The two-year project agreements will help the farmers implement natural resource conservation measures that improve soil health and water quality, provide habitat, improve the environmental and economic performance of working agricultural land, and strengthen local food projects that provide economic opportunity. Those eligible for assistance include beginning farmers, those with limited resources, socially disadvantaged and veteran farmers.
Those interested should reach out to their county NRCS office for more details. Applications must be received by Oct. 25. (Ill. NRCS news)
Soybean group begins checkoff programs
BLOOMINGTON — The Illinois Soybean Association announced a roster of ambitious checkoff-funded projects and directives for fiscal year 2022 focusing on market development, government relations and soybean utilization. Last week, the ISA provided more details on their direction for the coming fiscal year:
- Market development: ISA will channel resources into its farmer biodiesel use campaign and Illinois animal agriculture and promote soy with the U.S. Soybean Export Council in Egypt and promote soy protein for human use in Indonesia. An interactive world map will be created for farmers, showcasing the different avenues Illinois soy can take once it leaves the farm. Other projects include bridge bundling solicitation, a lock and dam program and an incentive rural bridge replacement program.

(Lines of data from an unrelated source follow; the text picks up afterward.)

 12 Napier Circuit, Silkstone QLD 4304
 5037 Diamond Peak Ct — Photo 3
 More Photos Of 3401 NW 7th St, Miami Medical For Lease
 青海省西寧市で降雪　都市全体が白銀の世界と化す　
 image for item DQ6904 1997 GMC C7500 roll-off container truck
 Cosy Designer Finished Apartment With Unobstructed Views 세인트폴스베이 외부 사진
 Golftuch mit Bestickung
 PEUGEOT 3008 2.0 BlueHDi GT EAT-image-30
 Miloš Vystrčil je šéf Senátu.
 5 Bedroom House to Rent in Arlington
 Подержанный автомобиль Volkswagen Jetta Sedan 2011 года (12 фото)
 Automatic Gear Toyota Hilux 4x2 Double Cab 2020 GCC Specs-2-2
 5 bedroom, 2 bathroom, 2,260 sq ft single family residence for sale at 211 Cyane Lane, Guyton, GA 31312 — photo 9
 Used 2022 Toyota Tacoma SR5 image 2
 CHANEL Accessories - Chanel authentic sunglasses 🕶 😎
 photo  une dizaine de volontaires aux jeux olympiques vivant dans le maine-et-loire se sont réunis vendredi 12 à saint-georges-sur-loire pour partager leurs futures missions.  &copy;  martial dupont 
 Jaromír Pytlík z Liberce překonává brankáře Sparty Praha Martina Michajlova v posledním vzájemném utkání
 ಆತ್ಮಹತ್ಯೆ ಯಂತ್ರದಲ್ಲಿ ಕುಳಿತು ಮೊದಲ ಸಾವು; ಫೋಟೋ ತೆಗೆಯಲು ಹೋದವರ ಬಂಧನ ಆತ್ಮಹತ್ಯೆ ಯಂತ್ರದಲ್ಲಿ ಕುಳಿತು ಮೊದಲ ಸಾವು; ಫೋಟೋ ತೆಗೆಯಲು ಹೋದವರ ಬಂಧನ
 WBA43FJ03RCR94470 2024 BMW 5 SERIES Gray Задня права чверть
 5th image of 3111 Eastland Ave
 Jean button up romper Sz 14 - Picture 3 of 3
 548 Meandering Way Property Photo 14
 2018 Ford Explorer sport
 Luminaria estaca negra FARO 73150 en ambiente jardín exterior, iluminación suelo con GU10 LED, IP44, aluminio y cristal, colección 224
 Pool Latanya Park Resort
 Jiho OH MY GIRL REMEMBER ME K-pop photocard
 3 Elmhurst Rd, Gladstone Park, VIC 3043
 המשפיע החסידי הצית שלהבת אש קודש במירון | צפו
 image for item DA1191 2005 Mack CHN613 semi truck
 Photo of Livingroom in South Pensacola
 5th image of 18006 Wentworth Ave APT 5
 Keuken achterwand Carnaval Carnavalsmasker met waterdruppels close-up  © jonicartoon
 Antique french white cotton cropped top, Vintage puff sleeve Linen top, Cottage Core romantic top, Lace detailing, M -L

- Government relations: Efforts will include B20 (biodiesel) education and outreach, polling farmers for federal farm program feedback and future program needs, as well as the new Midwest Soybean Collaborative, a coalition of leading soybean states committed to expanding agricultural solutions through innovative thinking and programming.
- Utilization: Work includes enhancing the ILSoyAdvisor experience, with plans for a website redesign and development of a new app. A new carbon education campaign for farmers called CarbonSmart will focus on providing nonbiased education about sequestration, credits, the carbon market and banks. Precision Conservation Management, a joint program with IL Corn, will expand tech support and cost share to Illinois farmers regarding on-farm conservation practices in counties participating in PCM.
“We have a new board, a growing staff, and an ambitious lineup of projects for FY22 that will equip Illinois soybean farmers for the future,” said ISA Chairman Steve Pitstick, in an ISA news release. “These projects were each born to help increase the value, awareness, and the opportunities for Illinois soybeans. That translates into profitability and sustainability for our 43,000 farmers across the state.” (ISA news)
Illinois Farm Fact:
The 2022 Farm Progress Show is scheduled for Aug. 30-31 in Boone, Iowa.